For those that might not remember 2012, the Lexus LFA was a high end supercar from Lexus. Primarily, it was interesting because it was a significant change from the sedate, comfortable cars that characterize Lexus. Unfortunately, the Lexus LFA failed to secure sufficient interest from car buyers, which is why no more than 500 of these cars were ever made.
What Stood Out about the Lexus LFA?
For those who are curious, the Lexus LFA came into existence because some of the senior leadership at Toyota and thus Lexus felt like they had something to prove. In short, the Japanese car manufacturer is famous for producing reliable cars, which is a very useful characteristic that makes them very appealing to a wide range of consumers in a wide range of countries. Unfortunately, there is an issue in that while huge swathes of car consumers are interested in reliability, other segments are not because they are motivated by different concerns. In fact, for them, reliability might actually be counter-productive on some level because what they are interested in is excitement, which isn't exactly the kind of emotion brought up whenever anyone mentions reliability.
Due to this perception, senior leadership decided that they wanted to make a car to showcase Toyota's ability to turn out something with exceptional performance. Theoretically, if they had succeeded, they might have been able to carve out a new niche in the car market for themselves, which might have brought in new revenue streams. As a result, while the choice might have been motivated by a wish to showcase their capabilities, there were other motivations at play as well.
Whatever the case, Toyota brought a lot of its expertise and experience to bear on the problem, which started turning out prototypes incorporating various techniques and technologies of interest for the Japanese car manufacturer as well as a wide range of other parties. Examples ranged from automatic retractable rear spoilers to side cameras mounted in the side mirrors. However, for a lot of people, what was most interesting was the use of carbon fiber, which was so extensive that Toyota needed to set up a giant loom to make enough of the material for its purposes.
Going into the full list of interesting things about carbon fiber would eat up more space than what is available here, but suffice to say that it is strong, tough, and lightweight, which explains why it has been seeing more and more use in more and more products. In the case of the eventual Lexus LFA that was released, carbon fiber was used for everything from its hood to its frame, which contributed much to how Toyota was able to bring its total weight to 3,263 pounds. For comparison, the average car in the United States was calculated to weigh around 4,079 pounds in 2004, which was around the time that Toyota was working on the concept cars.

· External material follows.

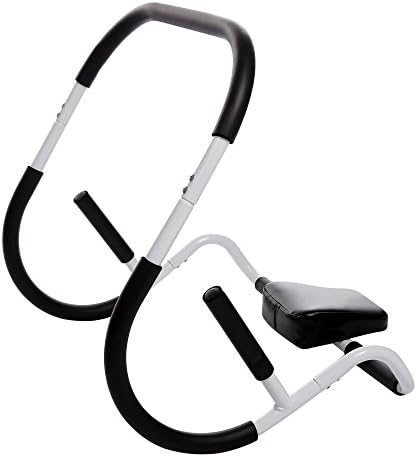 Cheesea Ab Roller Crunch Machine Sturdy Fitness Equipment for Unisex Adults (One Size, Type 1)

By 2009, Toyota was ready to start selling production models of the Lexus LFA. Estimated to have prices of around $225,000 to $400,000, the Lexus LFA was going head-to-head with Porsche, Ferrari, and Lamborghini. Something that might have played a part in its eventual fate. Whatever the case, even when the Lexus LFA had just been released, the experts were not expecting it to turn out a profit for the Japanese manufacturer because so much money had been spent on the research and development process. However, many of them nonetheless believed that it could be worth it, whether because of the technologies that had been proven by its existence or because of the interest that it could provide to similar cars from Toyota.
Why Was the Lexus LFA Discontinued?
Unfortunately, the Lexus LFA never managed to find enough car buyers to sustain it for the long run. Initially, there were various policies put in place based on Toyota's expectations for the car, but in time, some of them had to be changed as those expectations fell through. Still, while the Lexus LFA failed to secure impressive sales numbers, it is nonetheless a very cool-looking car with outstanding performance, meaning that there are still people who are willing to speak out in its favor in the present day. This might not be much consolation considering its eventual fate, but recognition is recognition.